St. Charles project aims at reversing 200 years of overlooking the potential of riverfront development.
Credit: LAMAR JOHNSON COLLABORATIVE
This rendering shows the Riverpointe development in St. Charles, Missouri, highlighted by a 30-acre lake built along the riverfront and a pedestrian bridge to a natural barrier island, Bangert Island.

ST CHARLES, Mo. — For decades, St. Charles residents have crossed bridges to commute to jobs, attractions and even restaurants. But officials backing a major riverfront development in St. Charles say when they’re finished, jobs — and even more residents — will likely come to them.

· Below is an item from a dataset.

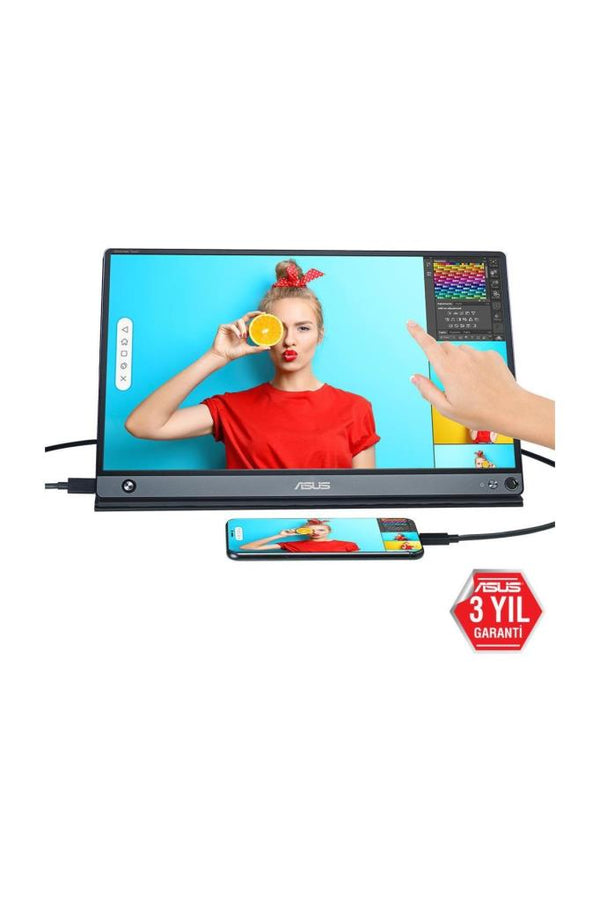 Asus ZenScreen Touch MB16AMT 15.6" 5 ms Full HD IPS 60 Hz Dokunmatik Taşınabilir Monitör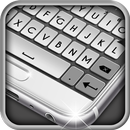 White 3D Hologram Keyboard Theme APK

Developer CRG has started construction on the first phases of Riverpointe, a $350 million development more than a decade in the making, which, over the next five years, looks to revitalize 120 acres along the Missouri River at Interstate 70 and Main Street, building on the success of the neighboring 27-acre mixed-use development that opened in 2012, The Streets of St. Charles.

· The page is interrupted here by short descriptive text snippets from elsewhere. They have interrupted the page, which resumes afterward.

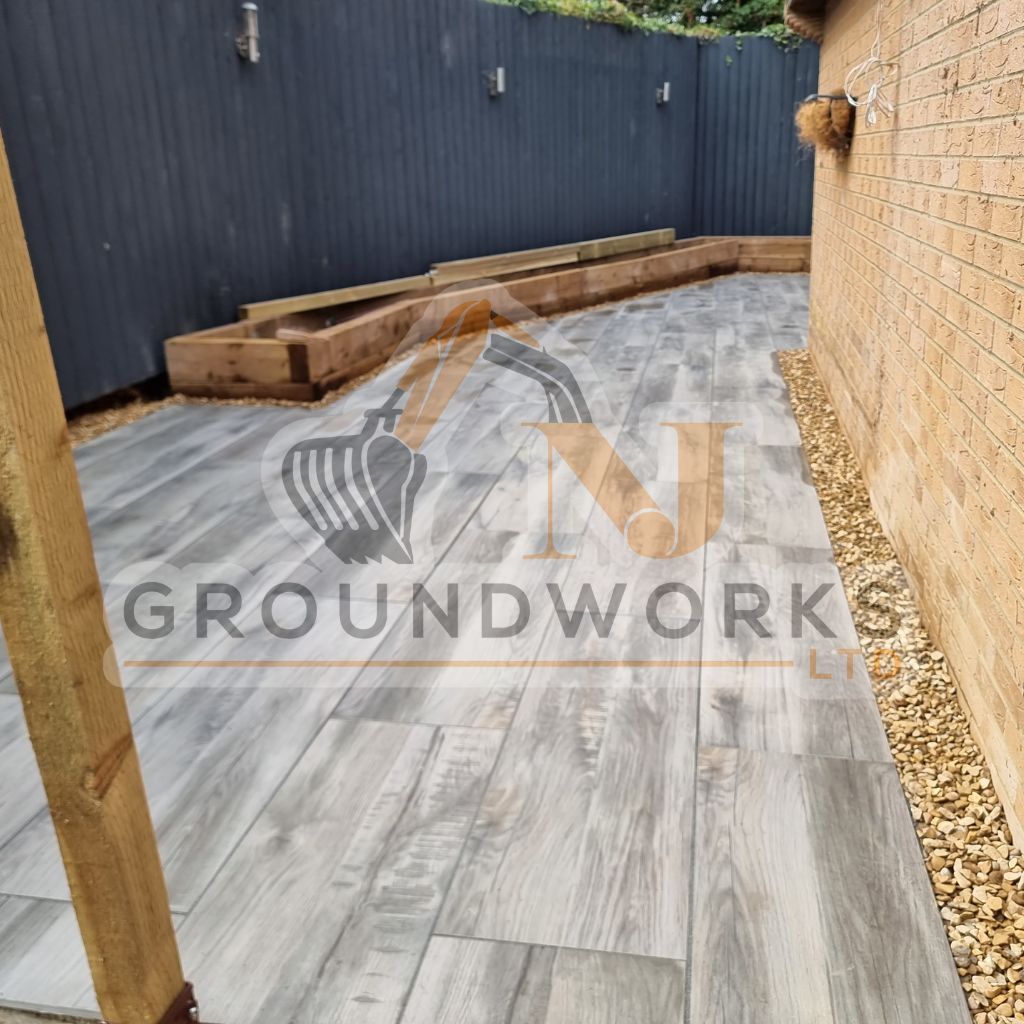 NJ groundworks porcelain patio paving slabs peterborough natural patio sandstone mix pack cheap block garden transformation cheap landscaping
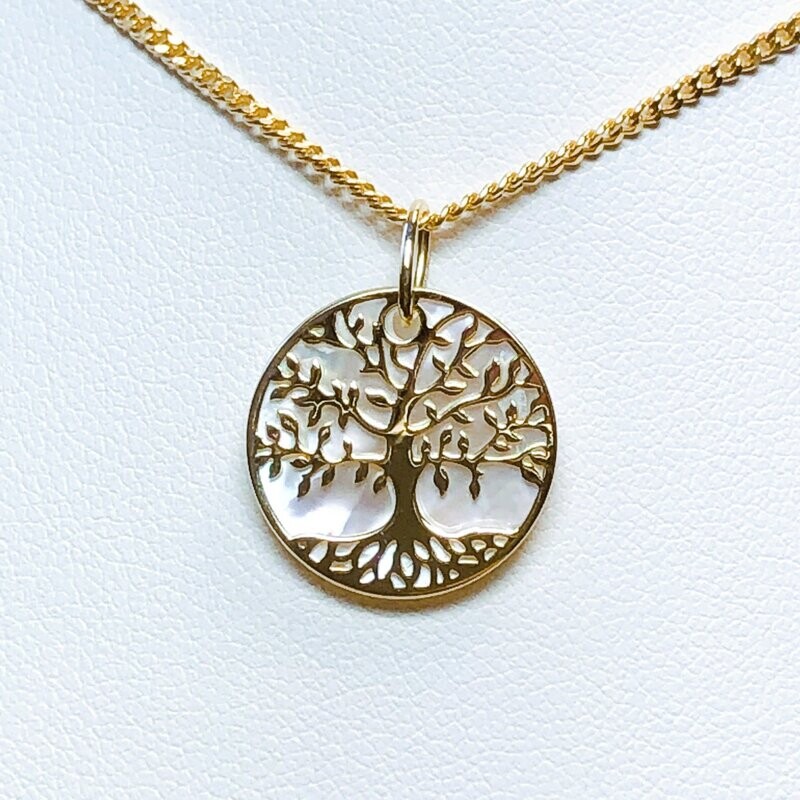 Médaille arbre de vie or jaune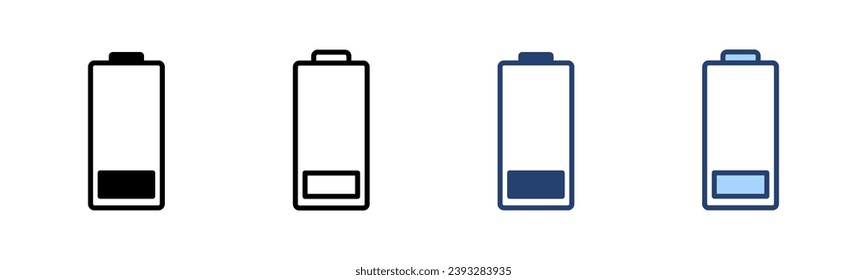 Battery icon vector. battery Charging sign. battery charge level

With a 30-acre riverside lake, the new waterfront stretching between the Ameristar casino and the Family Arena would be lined with office space, retail, hotels and residential developments.

The casino is already one of the largest tourist attractions by numbers in the St. Louis area, and, with the new development, St. Charles officials hope to draw in even more outsiders, plus, in a best-case scenario, a corporate headquarters that could make some of those commutes outside the county unnecessary.

City officials said St. Charles is already the third most-visited city in the state with 11 million visitors annually, and Riverpointe could further elevate that popularity, said Scott Drachnik, president and CEO of the Economic Development Council of St. Charles County.

“It’s going to add new landmarks to the metropolitan region,” Drachnik said. “We’re going to think about the Arch, we’re going to think about the Cardinals, we’re going to think about the zoo and we’re going to think about things like Riverpointe. And that’s good for everybody in metro St. Louis.”